═════ INFORMATION PROVIDED ═════
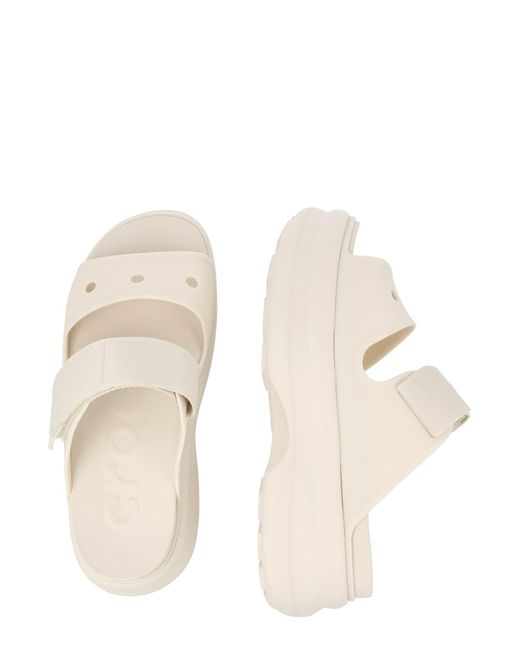 CROCSTM Natural Pantolette Soho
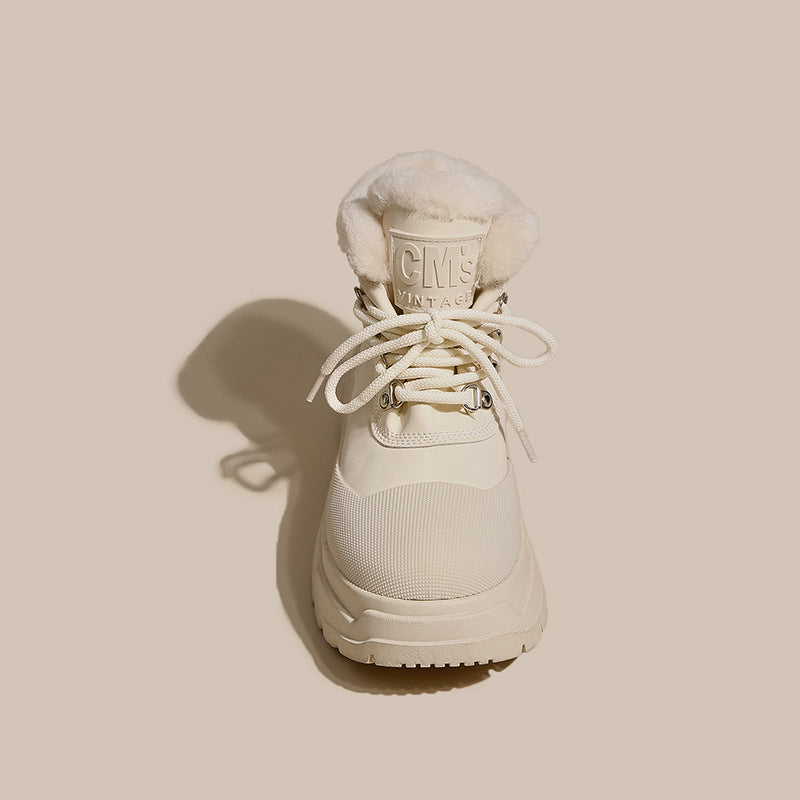 Thickened Plush Winter Snow Boots for Women 2023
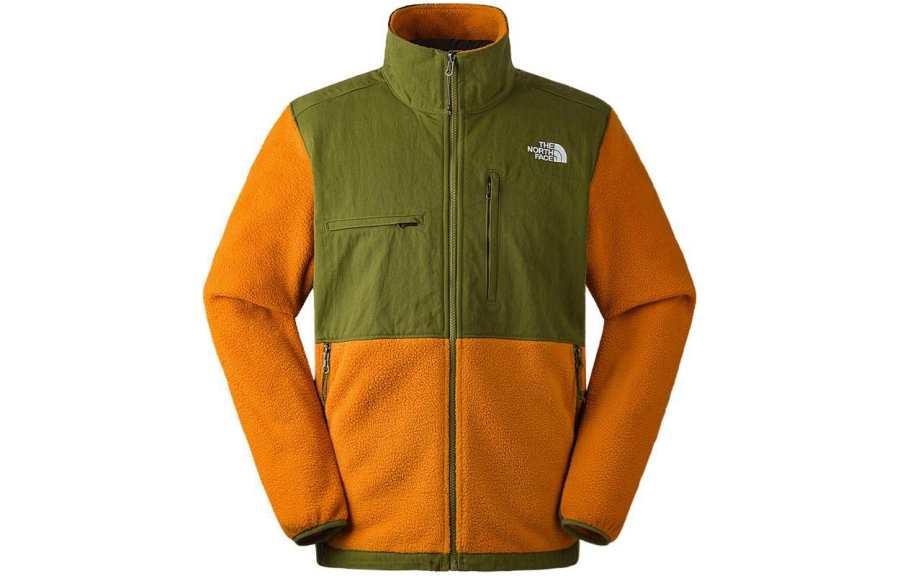 THE NORTH FACE Ripstop Denali Logo Embroidered Jacket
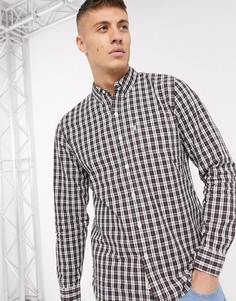 Рубашка в клетку с длинными рукавами Levis-Черный Levis®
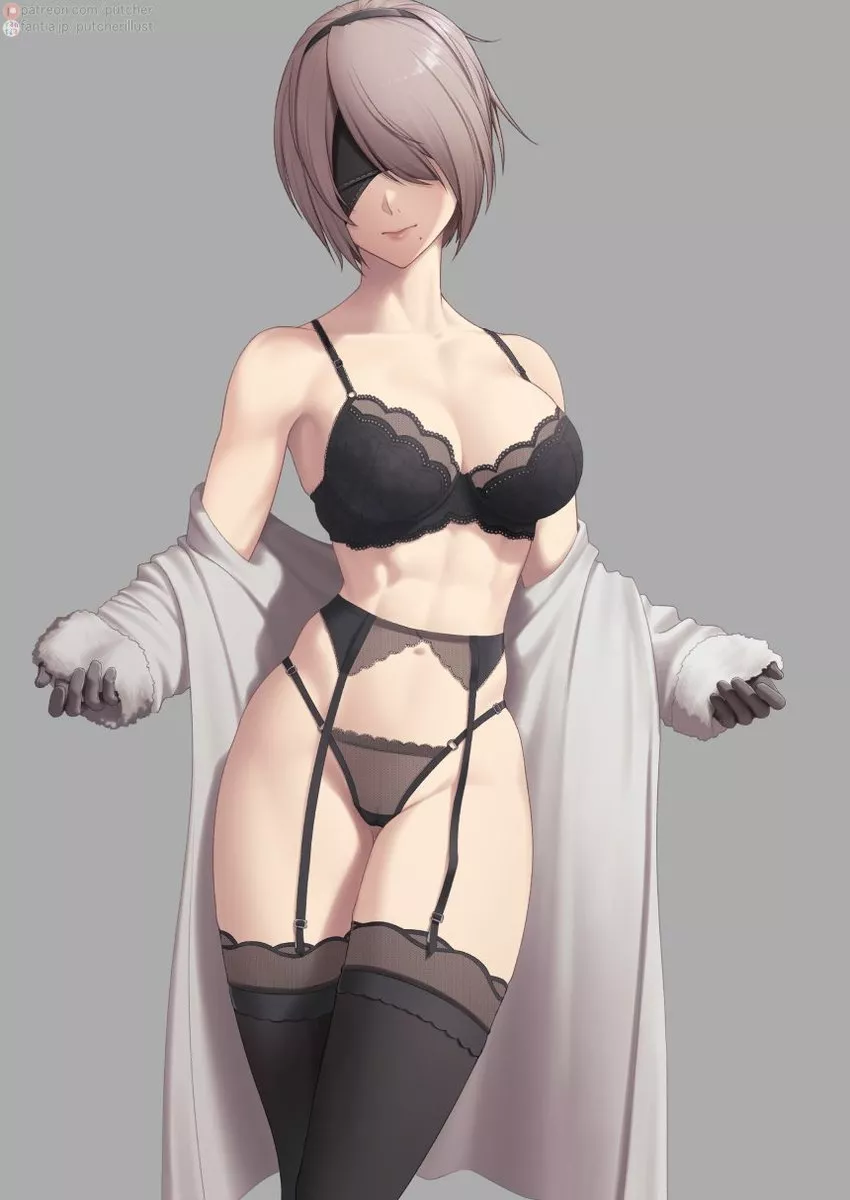 Lingerie 2B (putcherillust) posted by CheetahSperm18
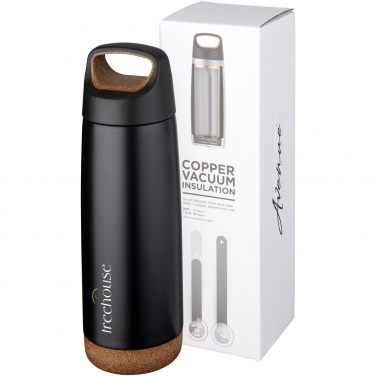 Logo trade promotional products image of: Valhalla 600 ml copper vacuum insulated water bottle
═════
WHAT THE TASK ASKS: Every line of the records above must reappear exactly, though the pictures must not.

EXERCISE SOLUTION:
 CROCSTM Natural Pantolette Soho
 Thickened Plush Winter Snow Boots for Women 2023
 THE NORTH FACE Ripstop Denali Logo Embroidered Jacket
 Рубашка в клетку с длинными рукавами Levis-Черный Levis®
 Lingerie 2B (putcherillust) posted by CheetahSperm18
 Logo trade promotional products image of: Valhalla 600 ml copper vacuum insulated water bottle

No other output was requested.